According to the report of the Maritime Executive, South Korea’s Ministry of Trade, Industry and Energy released its 13th Long-term Natural Gas Supply plan (13th Plan) last week covering the period from 2018 to 2031.

The plan forecasts that by 2031, gas demand will reach 40.5 million tons (Mt), just 3 Mt up from 2017 levels.

Kiah Wei Giam, analyst at Wood Mackenzie, said: «The release of the long-term electricity plan last December had braced LNG suppliers for the disappointing demand growth in what is now the world’s 3rd largest LNG market. The initial optimism of LNG suppliers when President Moon was elected has been replaced with the recognition that more is needed to be done for gas to displace coal & nuclear».

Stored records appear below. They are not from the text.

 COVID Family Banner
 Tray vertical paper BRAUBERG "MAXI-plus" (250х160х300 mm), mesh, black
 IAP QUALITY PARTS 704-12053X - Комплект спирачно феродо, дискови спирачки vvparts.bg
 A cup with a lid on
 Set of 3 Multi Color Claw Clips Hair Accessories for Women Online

The anticipated 8% growth over 14 years looks disappointing, says Kiah, but the latest forecast is already a major upgrade over the 12th gas plan. Under the previous gas plan which forecasted up to 2029, gas demand reached 35 Mt by 2029.

Gas demand will fall before growing again post 2025, due to the additions of coal and nuclear capacities between now and 2023. Wood Mackenzie forecasts 4GW and 5GW net additions for coal and nuclear respectively over the next 5 years.

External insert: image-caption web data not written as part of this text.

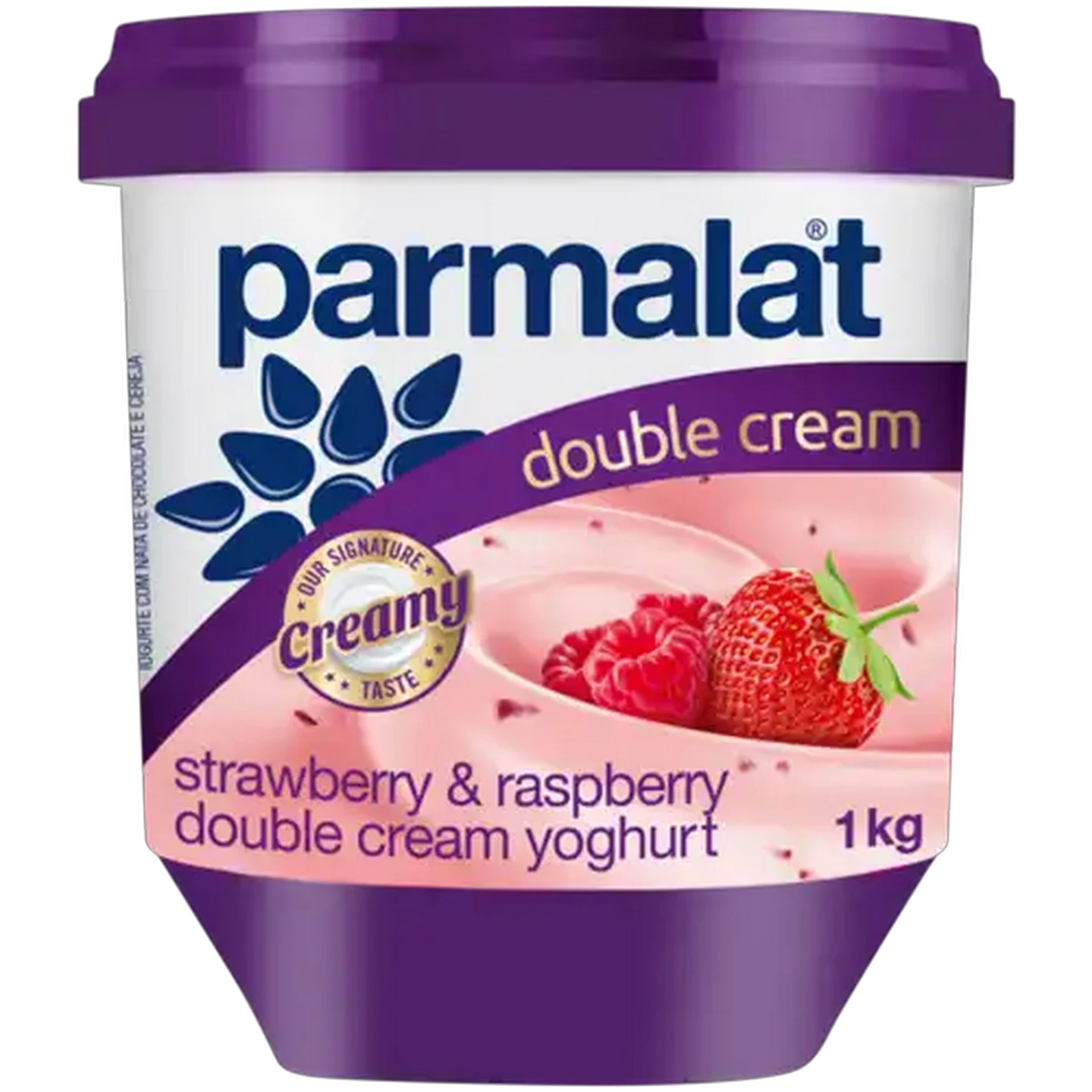Image of Parmalat Strawberry & Raspberry Double Cream Yoghurt 1kg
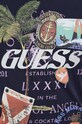 Guess t-shirt bawełniany M3GI38.KBDL0 granatowy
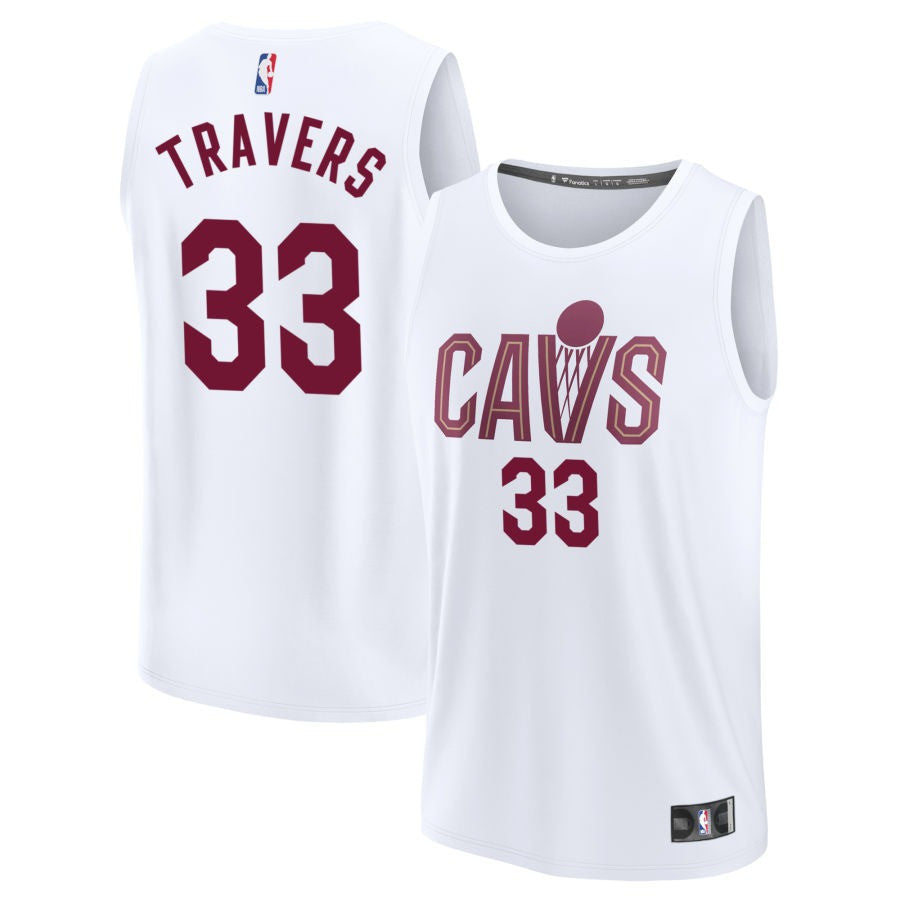 Luke Travers Cleveland Cavaliers 2025 Association Edition Fast Break Jersey - White 1 Luke Travers Cleveland Cavaliers 2025 Association Edition Fast Break Jersey - White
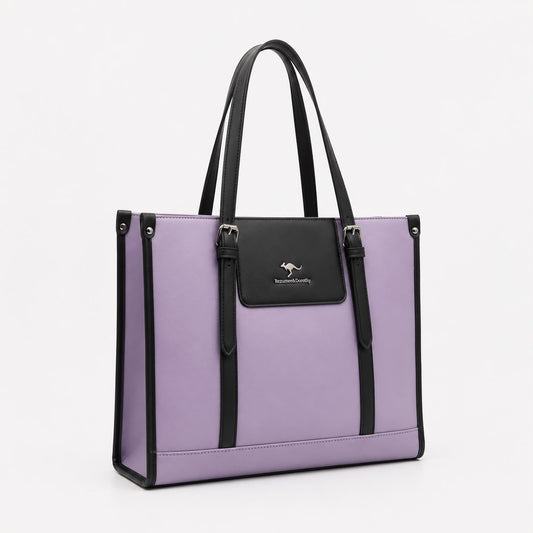 Kangaroo Executive Tote - Purple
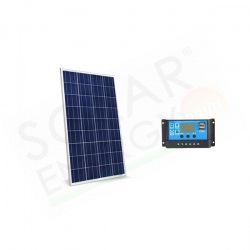 KIT SOLARE BASE 10W 12V – MODULO FOTOVOLTAICO 10W E REGOLATORE 10A PWM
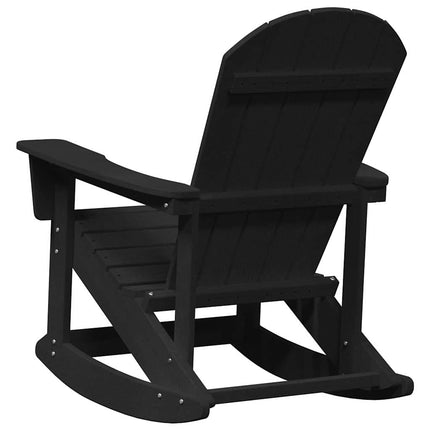 Adirondack Gungstol Svart 92 x 73,5 x 92 cm HDPE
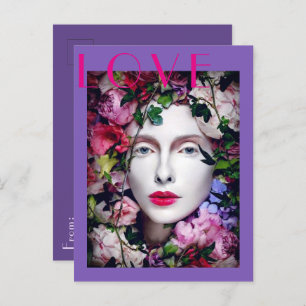 Cartão Postal Magickal Flower Deusa Lavanda Roxo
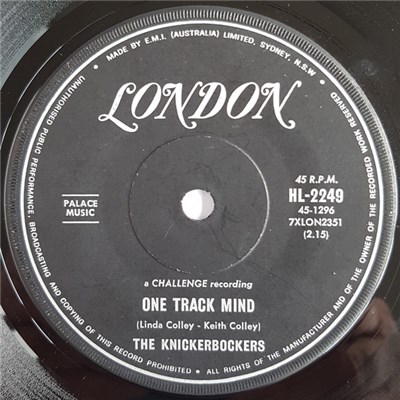 The Knickerbockers - One Track Mind / I Must Be Doing Something Right download mp3 flac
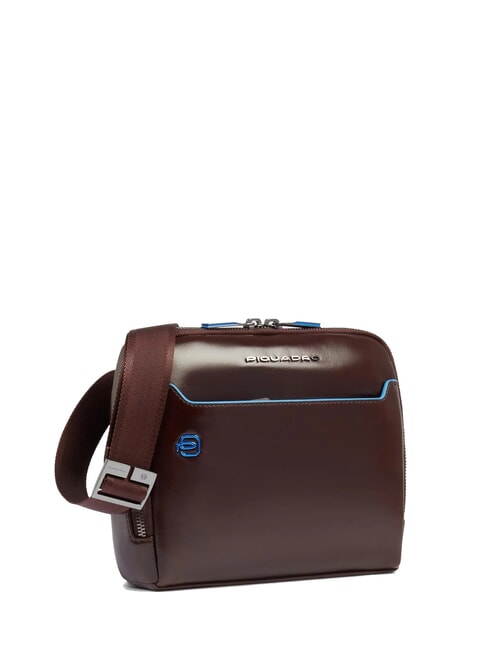 BLUE SQUARE Leather bag MAHOGANY - Over-the-shoulder Bags for Men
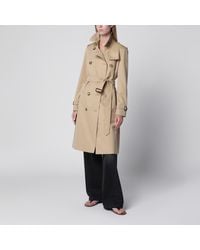Burberry - Long Kensington Heritage Cotton Trench Coat - Lyst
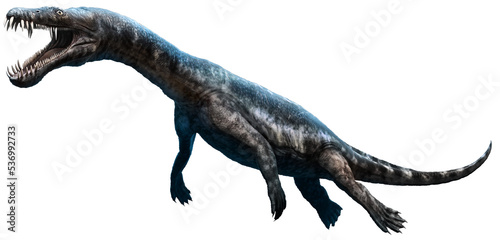Fototapeta Naklejka Na Ścianę i Meble -  Nothosaurus from the Triassic era 3D illustration	
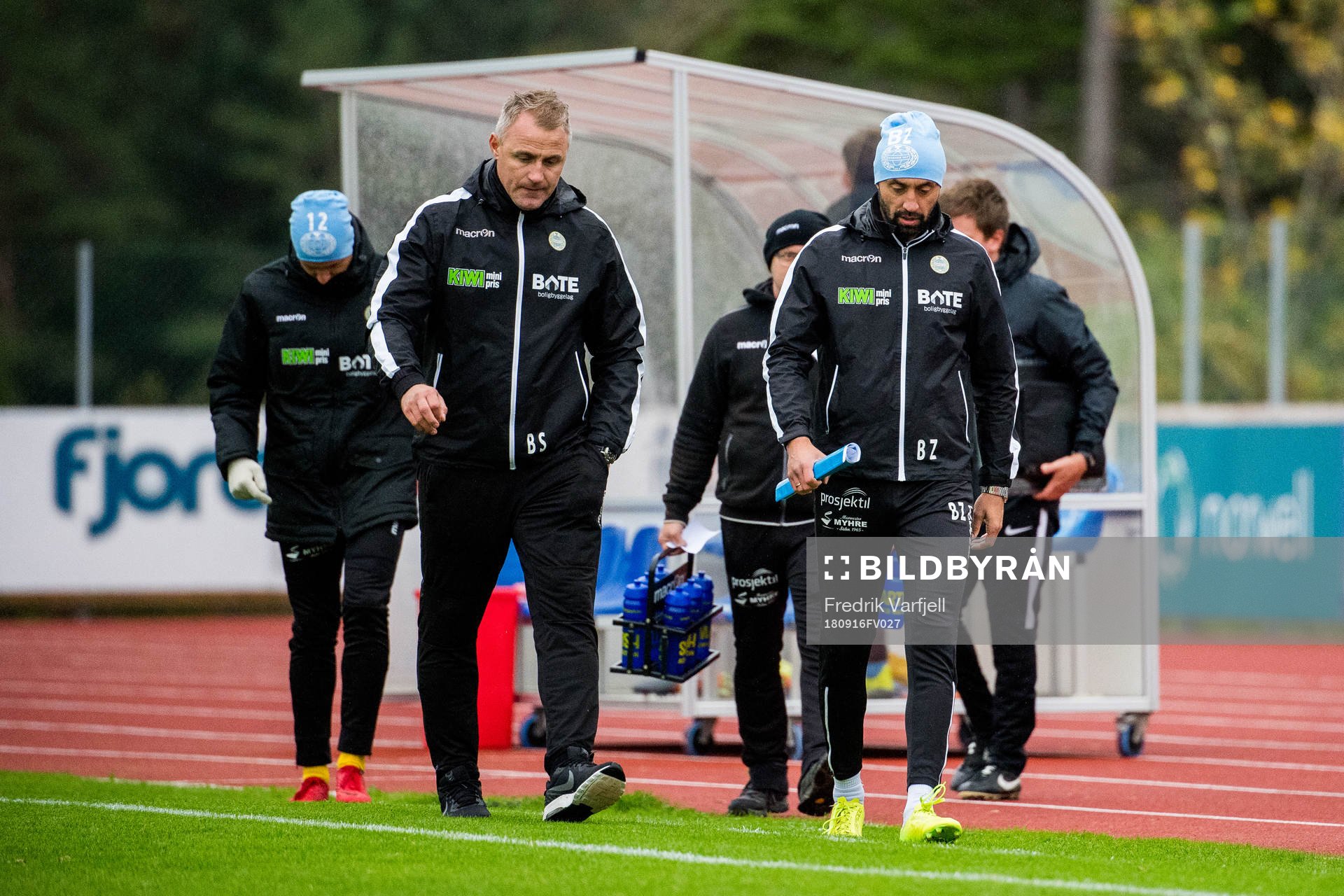 Bengt Sæternes, head coach of Sandnes Ulf, and Bojan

With the electricity market facing oversupply over the next few years, it will be even harder for gas to displace coal or nuclear based on pure economics, says Kiah. Government’s policies limiting coal or nuclear generation will help.

In the 8th Plan, all coal units that are over 30 years of age will be required to shut down in spring where electricity demand is low. Based on our initial analysis, even with gas-friendly polices in place, gas demand will still decline, hitting a trough of 34 Mt in the 2022/23 period.

«Gas demand will turn the corner post 2024 as 4GW of coal and 5GW of nuclear are retired between 2024 and 2031. Additionally, as per the 8th Electricity Plan, no new units of coal nor nuclear will be added beyond those that are approved».

A shortfall in renewables could benefit LNG demand. «While we expect solar and wind generation to grow by 9 times between 2017 and 2031, the increase is still insufficient to meet electricity demand growth», says Kiah. «The government targets renewables to account for 20% of the electricity generation by 2030, while we forecast the share will only reach 15%. As such, gas will be needed to make up for the shortfall. Hence, we expect gas demand to reach 42Mt by 2031, around 2Mt higher than the government’s forecast».

The 13th Plan also confirms the increasing role of gas in the electricity generation mix as outlined in the 8th Electricity Plan. Lowering of tax on LNG imports or introducing environmental dispatch which includes emission costs would increase the competitiveness of gas.